Uma teoria do universo social deve integrar a representação que os agentes fazem do mundo social e a sua contribuição para a construção da visão desse mundo. Dito de outra forma, para a construção mesma desse mundo:
“debe tomar en cuenta el trabajo simbólico de fabricación de grupos,
trabajo de representación (en todos los sentidos del término) que los agentes sociales no dejan de realizar para imponer su visión del mundo o la visión de su propia posición en este mundo, de su identidad social”
(Bourdieu, 2000: 30)
Nesse sentido, é interessante interrogar os voluntários e presos sobre suas mútuas representações e percepções acerca da interação sociedade-cárcere, uma vez que o trabalho de produção e imposição de sentido se realiza a partir de lutas no campo de produção cultural, especificamente no interior do subcampo político (Bourdieu, 1999: 291).
A classificação social que se opera na prisão entre presos/funcionários, prisão/sociedade, aproxima-se das oposições dualistas das classificações das sociedade arcaicas mencionadas por Bourdieu: masculino/feminino, alto/ baixo (2004b:165). A entrada da sociedade como mais um ator em interação, pode desacomodar o duplo “dirigentes e dirigidos”, e mover as posições no jogo na prisão. Porém, o poder simbólico de constituir, mobilizar, e falar pelo
grupo “só pode ser obtido ao término de um longo processo de institucionalização” (Bourdieu, 2004b:166).
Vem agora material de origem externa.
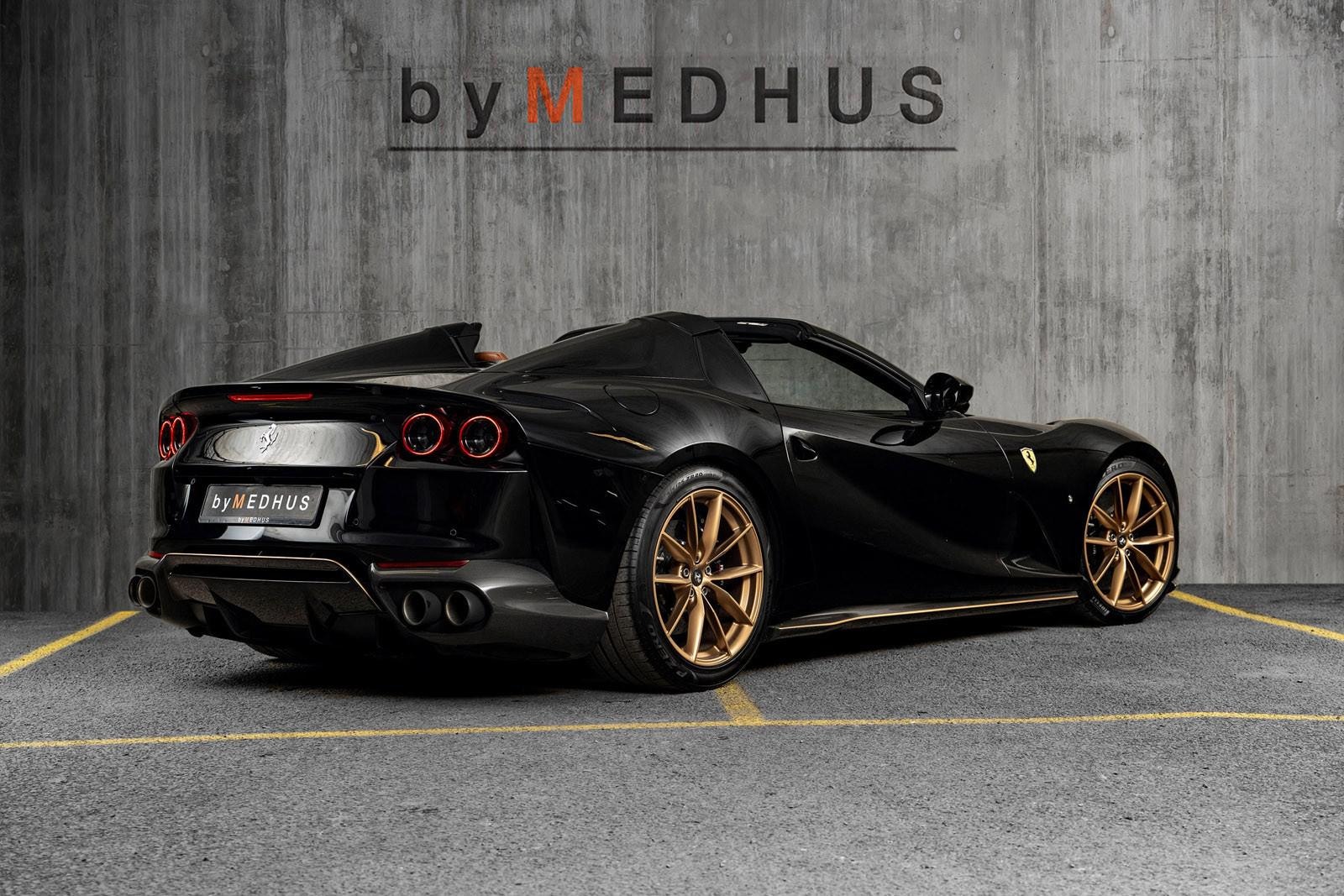 Brukt Ferrari 812 Gts 6.5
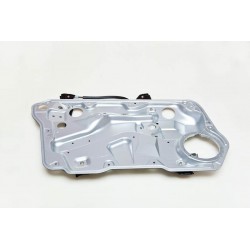 SZÉLVÉDŐ EMELŐ GOLF BORA PL FÉMLEMEZZEL 1J4837461H 1J4837461H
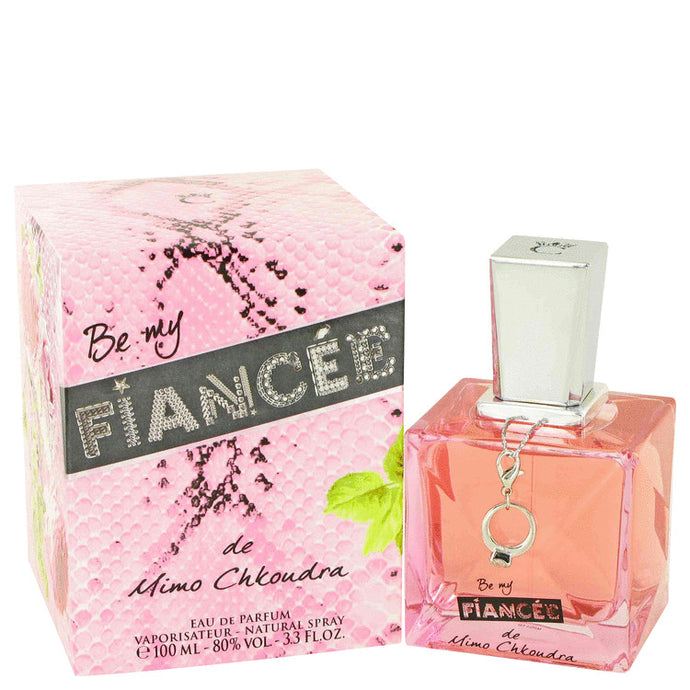 Be My Fiance Eau De Parfum Spray By Mimo Chkoudra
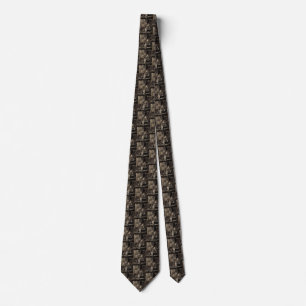 Jesus Christ Before Pilate Necktie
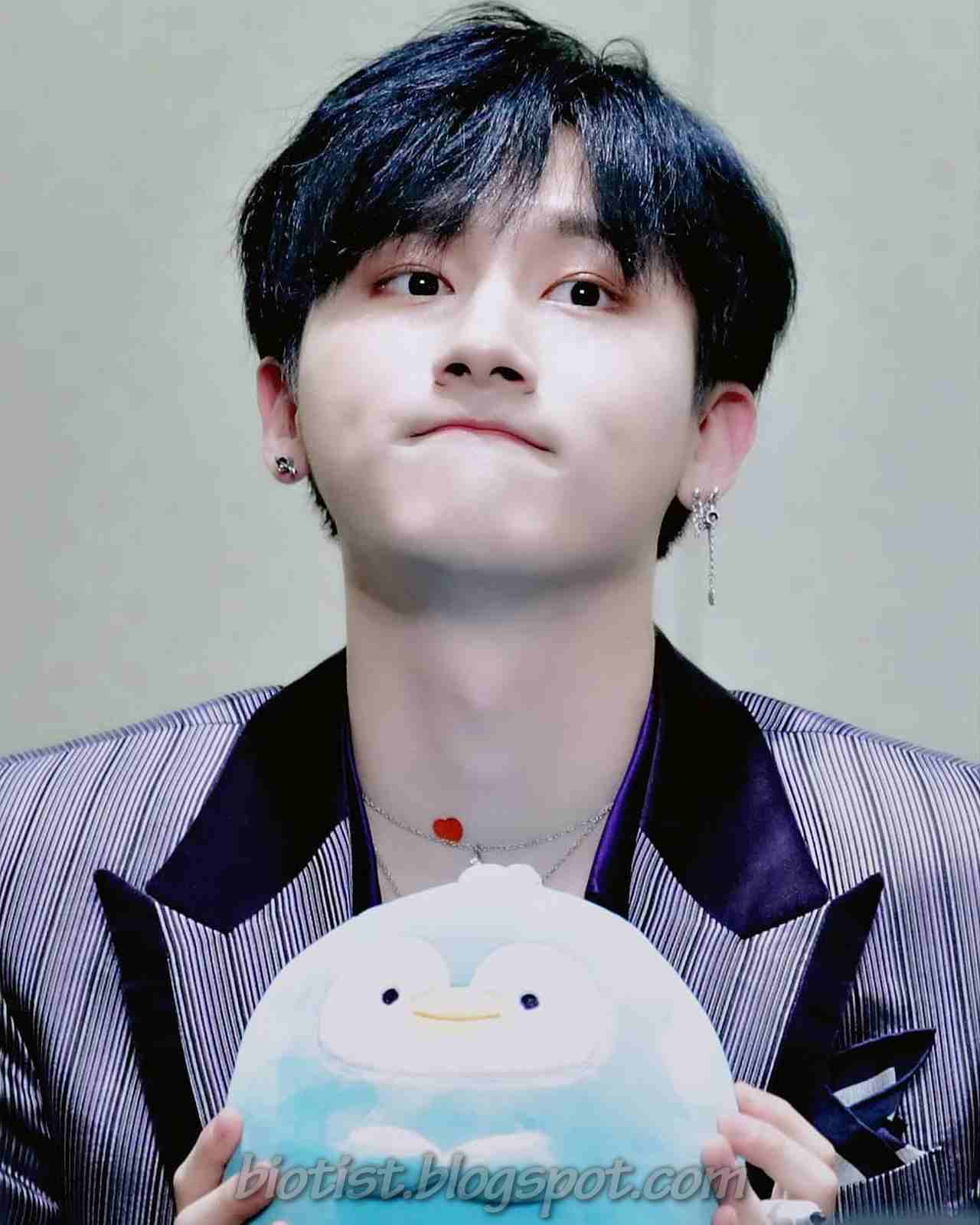 I.M (Monsta X) Profile, Photos, Fact, Bio and More - Biotist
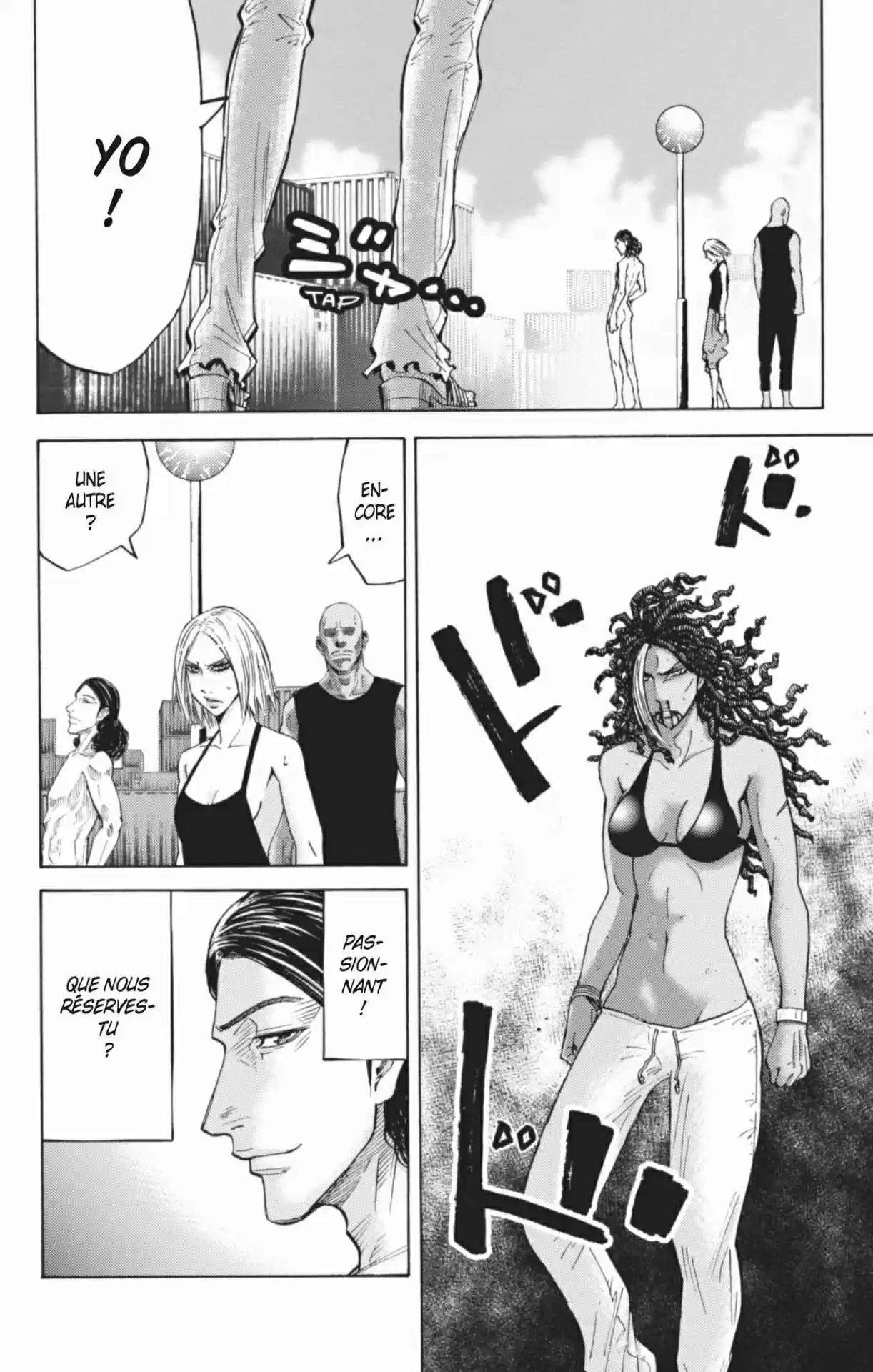 Read Alice in Borderland Manga Online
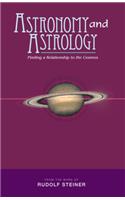 Astronomy and Astrology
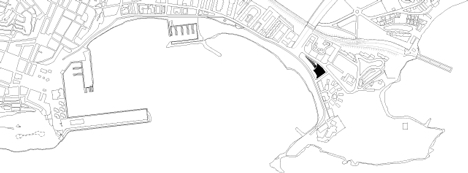 Konzerthalle in Spanien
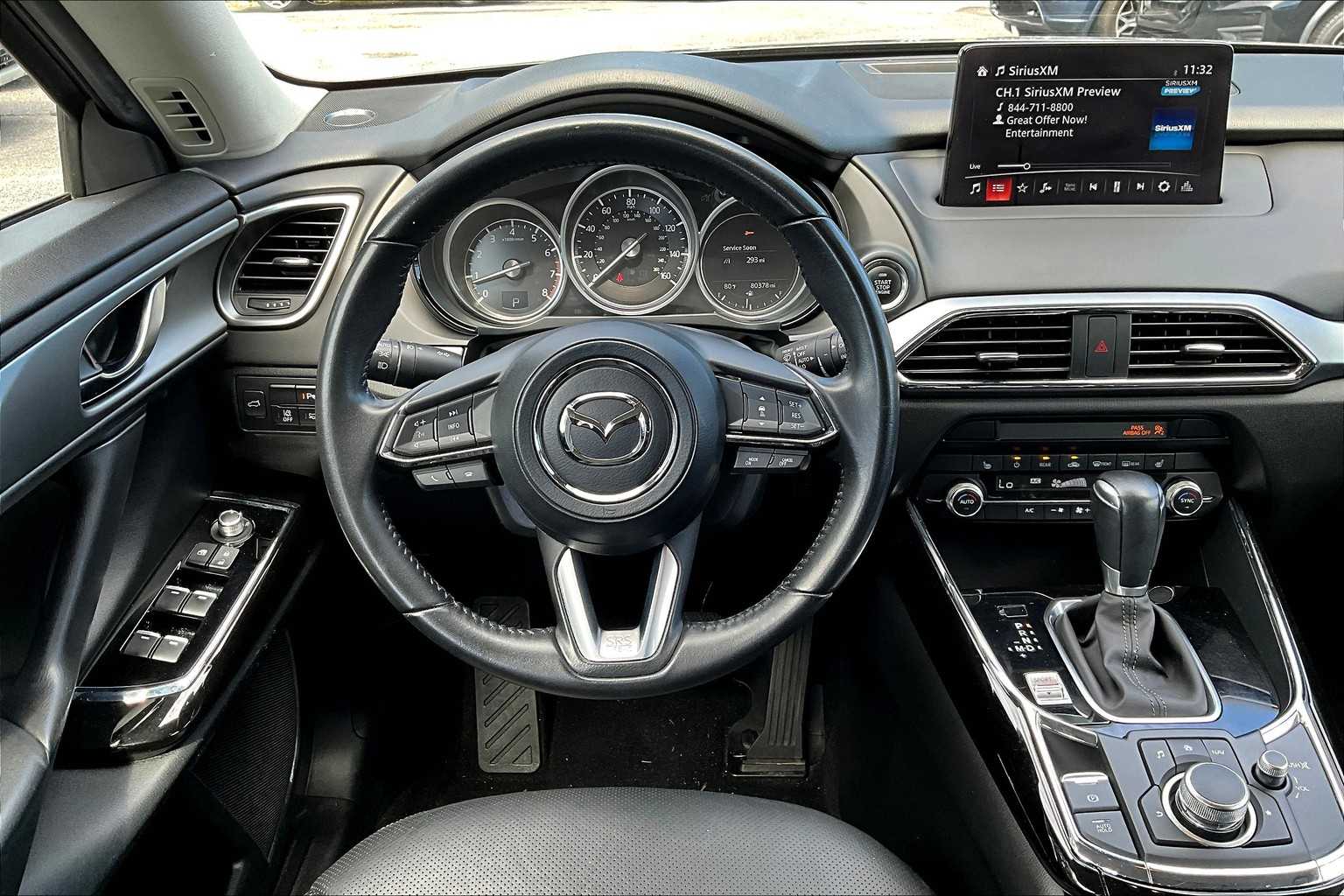 2020 Mazda CX-9 Touring photo 4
Conhecer o sentido do jogo da prisão e se manter atuante nesse espaço significa disputar o espaço social e o campo de lutas simbólicas. Nesse sentido, os agentes da sociedade civil, em conjunto com os presos, podem aprimorar e diversificar os instrumentos de produção simbólica para que os presos e a sociedade expressem outros pontos de vista sobre a prisão, possibilitando a “ruptura con las representaciones que se engendran en la
complicidad inmediata de las estructuras sociales y mentales y que tienden a asegurar la reproducción continuada del capital simbólico” (Bourdieu, 1999: 300)
Na disputa pela legitimidade na construção do mundo social, os representantes da burocracia nunca tem monopólio absoluto. No interior da instituição eclodem “conflitos entre poderes simbólicos” na construção daquele mundo social (Bourdieu, 2004b:165).
O poder simbólico, para Bourdieu (2004b:166), consiste em um poder de constituição política e filosófica, que consagra e revela, conserva ou transforma as categorias e estatutos sociais. O exercício do poder simbólico pressupõe a posse de um capital simbólico, ou seja, do “poder de impor às outras mentes uma visão, antiga ou nova, das divisões sociais”.
Nesse sentido, ainda que as ações no cárcere se situem em um espaço social determinado, e portanto, tenham um impacto social limitado, elas participam da disputa simbólica de leituras acerca da prisão, dos presos e do papel da sociedade que atravessam o universo em que estão situadas.